Hiszpanie nie zgubili wniosku ws. "Słowika", lecz innego bandyty
Hiszpanie nie zgubili wniosku o zgodę na rozszerzenie zarzutów wobec "Słowika", lecz wobec innego bandyty - poinformował Andrzej Kępiński z Ministerstwa Sprawiedliwości.
04.01.2005 | aktual.: 04.01.2005 16:43
Wtorkowy "Super Express" doniósł, że Andrzej Z., pseudonim "Słowik", szef gangu pruszkowskiego, ma szansę uniknąć odpowiedzialności za udział w zabójstwie b. szefa policji gen. Marka Papały, bo w Hiszpanii zaginął wniosek polskich prokuratorów o zgodę na postawienie mu nowych zarzutów.
Informacjom tym zaprzeczył prok. Kępiński, który kieruje w resorcie komórką odpowiedzialną za pomoc prawną z zagranicy.
Hiszpanie rzeczywiście zagubili nasz wniosek, ale nie w sprawie "Słowika", ale innego przestępcy: Zbigniewa Ś., którego sprawę prowadzi Prokuratura Apelacyjna w Katowicach - powiedział Kępiński.
Dodał, że do Hiszpanii wysłano już kopię wniosku, który zaginął tam prawdopodobnie w wyniku bałaganu.
Co do "Słowika", Kępiński przyznał, że nie ma jeszcze odpowiedzi Hiszpanów i nawet skierowano już do nich monit. Przyznał, że nie ma określonego terminu, w którym dane państwo ma rozpatrzyć taki wniosek.
Prokuratura Apelacyjna w Warszawie chce postawić "Słowikowi" zarzut nakłaniania do zabójstwa Papały. Będzie to możliwe, jeśli zgodzi się na to sąd w Hiszpanii, która wydała Polsce Andrzeja Z. na mocy ekstradycji. To właśnie w Walencji służby policyjne odnalazły szefa gangu pruszkowskiego.

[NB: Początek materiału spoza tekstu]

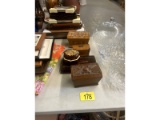 Row of Jewelry Boxes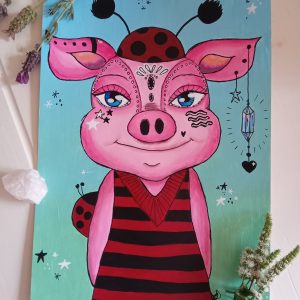 Power Animal Print : Lieveheersbeestje-Varken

Papała został zastrzelony 25 czerwca 1998 roku przed swoim domem w Warszawie. Śledztwo, trwające już siódmy rok, przedłużano czternaście razy - ostatnio do 26 czerwca 2005 r.
Dotychczas zarzut nakłaniania i współudziału w tym zabójstwie postawiony został jednej osobie - Ryszardowi B., gangsterowi z grupy pruszkowskiej.